FORMED in 1995 by ex-Carnage members – Michael Amott and Johan Liiva – Arch Enemy gained prominence for skillfully blending crushing heavy riffs with plenty of melodic moments.
However, Arch Enemy truly started to gain attention when the band installed female lead vocalist Angela Gossow in 2000. Having a sculpted Amazonian blonde fronting the band certainly help set Arch Enemy apart from the sea of identikit death metal bands.
Arch Enemy’s popularity soared and this was backed up by some seriously solid albums, cementing its place as genuine player in the death metal scene.

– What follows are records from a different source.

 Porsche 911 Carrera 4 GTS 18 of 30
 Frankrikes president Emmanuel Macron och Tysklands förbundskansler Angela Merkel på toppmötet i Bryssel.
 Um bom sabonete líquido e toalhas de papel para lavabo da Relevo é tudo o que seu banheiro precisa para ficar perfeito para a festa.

Then Gossow decided to take a step back in 2014 and the band not wanting to cede ground, Arch Enemy sticked to its tried and trusted formula of having a female lead singer.
In stepped Alicia White-Gluz, while possessing the requisite deathly growl, is also significantly enough eye candy to keep legions of male metalheads very interested.

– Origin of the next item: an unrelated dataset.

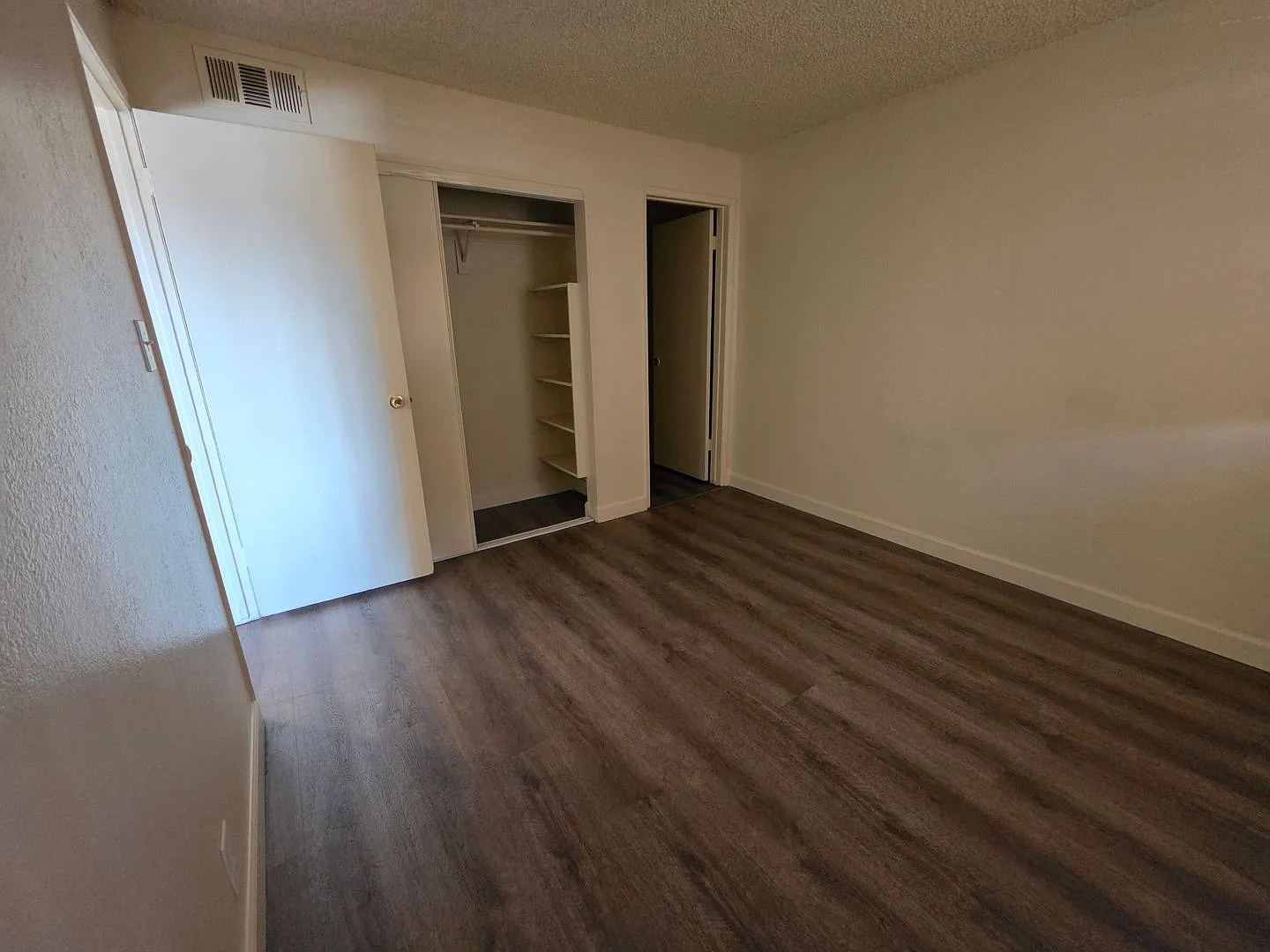 1 Bedroom 1 Bath In Central Las Vegas — Photo 3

So here is album number 12 in Arch Enemy’s storied career. Released on March 28, the latest opus is produced by Jens Brogen and has all the hallmarks of a great Arch Enemy album. Soaring guitar licks, super memorable riffs and roaring vocals, the album is quality melodic death from start to finish.
White Gluz’s death growls are terrific but it is when she lets her clean vocals fly on tracks like Illuminate the Path and Vivre Libre that truly mark her out as a death metal singer with a difference.

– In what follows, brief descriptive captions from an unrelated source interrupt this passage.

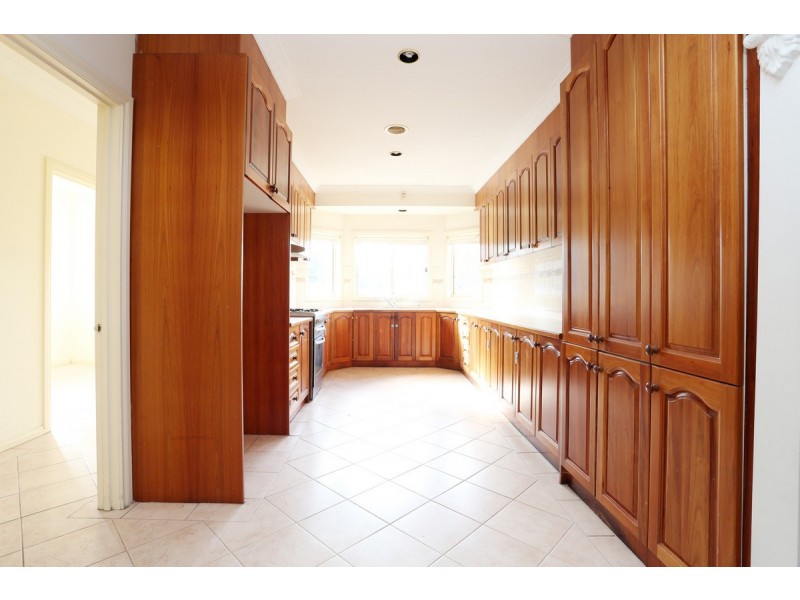 30 Trevannion Street, Glenroy VIC 3046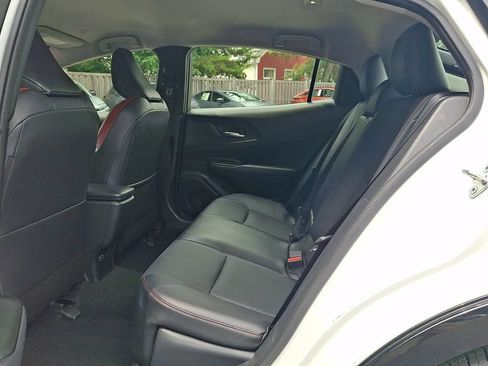 Used 2023 Toyota Prius Prime FWD image 10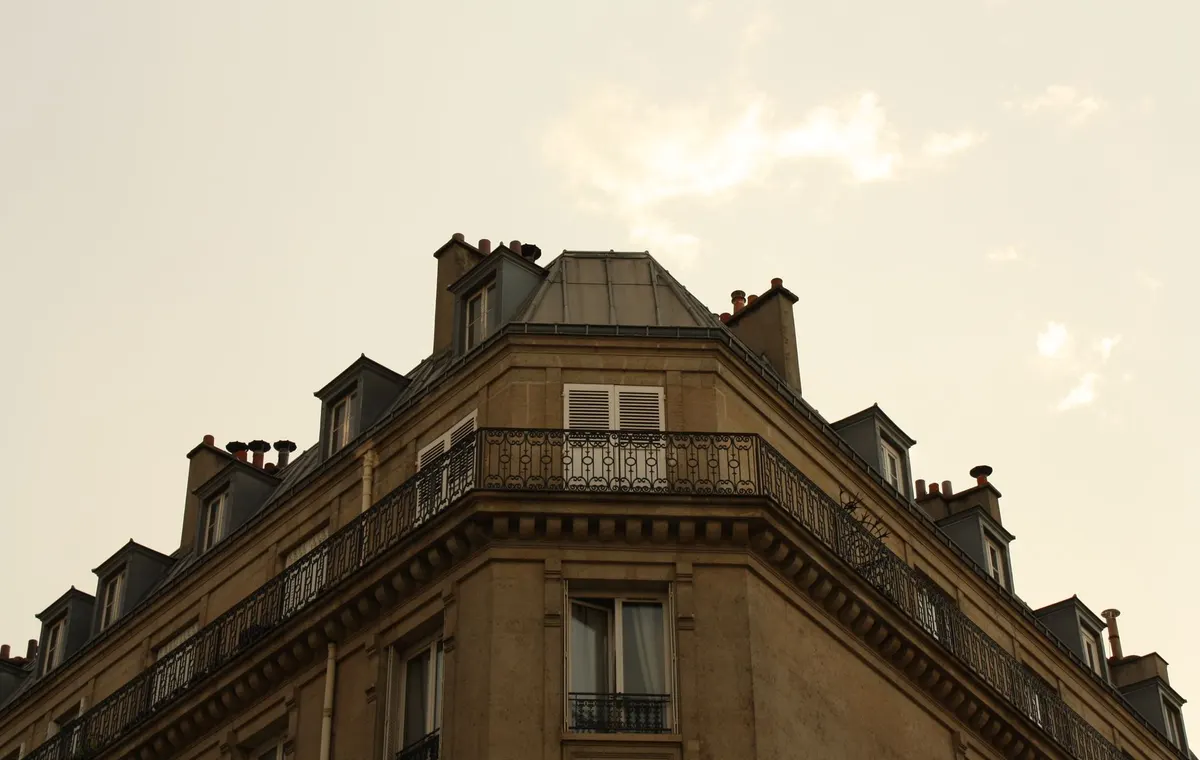 Salon d'un appartement haussmannien parisien lumineux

However, the real stars of the show remain Amott and Joey Conception on guitars who take their Iron maiden-tinged solos to new heights on tracks like Paper Tiger and Pendulum.
Never slowing down, Arch Enemy take the fast and melodic route to get those craniums shaking with 11 quality tracks that are sure to have extended stays on fan playlists.
Not ground breaking but a very solid album from one of the scene’s veteran bands. If in any doubt as to the band’s international repute, just check out the numerous videos on social media of the two sold out shows in Kuala Lumpur, one featuring Gossow and the other just last year with White-Gluz, which attest to Arch Enemy’s huge popularity.
Blood Dynasty pales in comparison to The Halo Effect’s March of the Unheard for melodic death metal chutzpah but Arch Enemy’s does hold an ace up its sleeve in the form of the striking White-Gluz.
In a scene populated by bearded, middle aged growlers, a splash of electric blue (White-Gluz’s favoured shade) is a welcome respite from all the blackness that surrounds death metal.